Exclude images; transcribe the rest of the data exactly.

START GIVEN MATERIAL

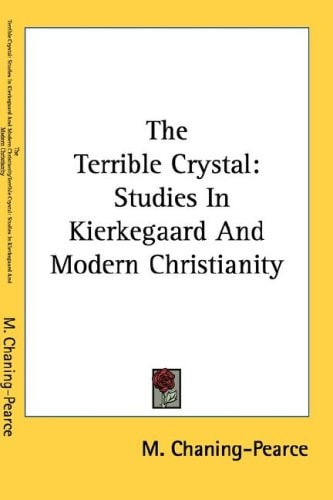 The Terrible Crystal: Studies In Kierkegaard And Modern Christianity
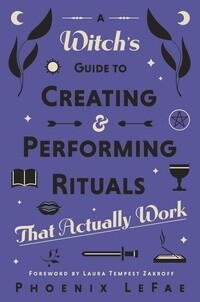 A Witch's Guide to Creating & Performing Rituals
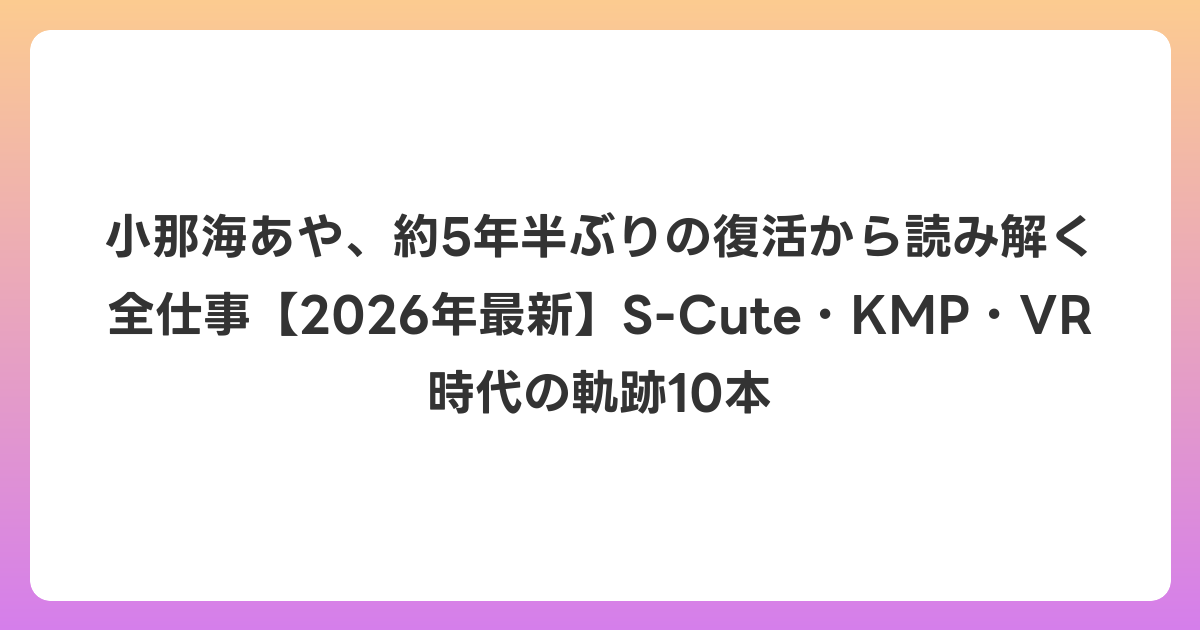 小那海あや、約5年半ぶりの復活から読み解く全仕事【2026年6月最新】S-Cute・KMP・VR時代の軌跡10本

END GIVEN MATERIAL

* **WRITTEN RESPONSE**:
 The Terrible Crystal: Studies In Kierkegaard And Modern Christianity
 A Witch's Guide to Creating & Performing Rituals
 小那海あや、約5年半ぶりの復活から読み解く全仕事【2026年6月最新】S-Cute・KMP・VR時代の軌跡10本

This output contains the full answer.